Problem requirements:
Exclude the pictures and repeat all of the data exactly.

Dataset excerpt:
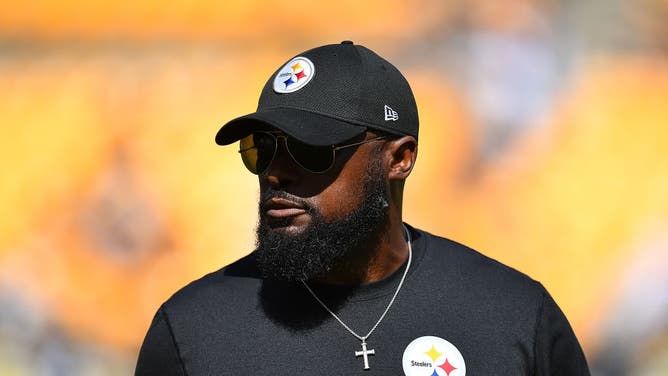 Pittsburgh Steelers Mike Tomlin Gift Black Air Force 1s Reaction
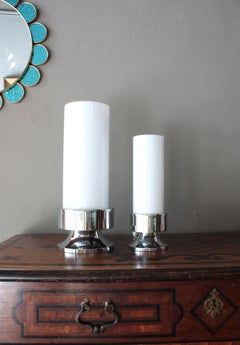 Pair of Cylinder Table Lamps in White Plexiglass and Chromed Steel, Italy 1960s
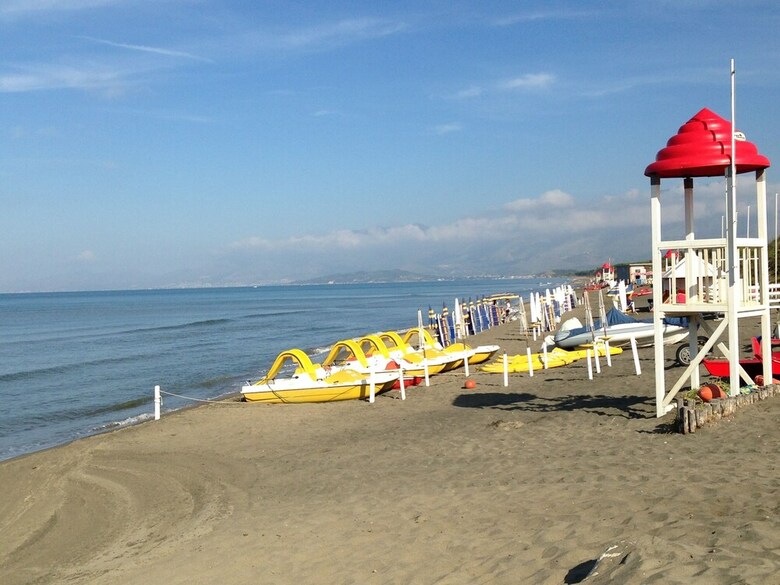 Happy Camp In Camping Baia Domizia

Solution:
 Pittsburgh Steelers Mike Tomlin Gift Black Air Force 1s Reaction
 Pair of Cylinder Table Lamps in White Plexiglass and Chromed Steel, Italy 1960s
 Happy Camp In Camping Baia Domizia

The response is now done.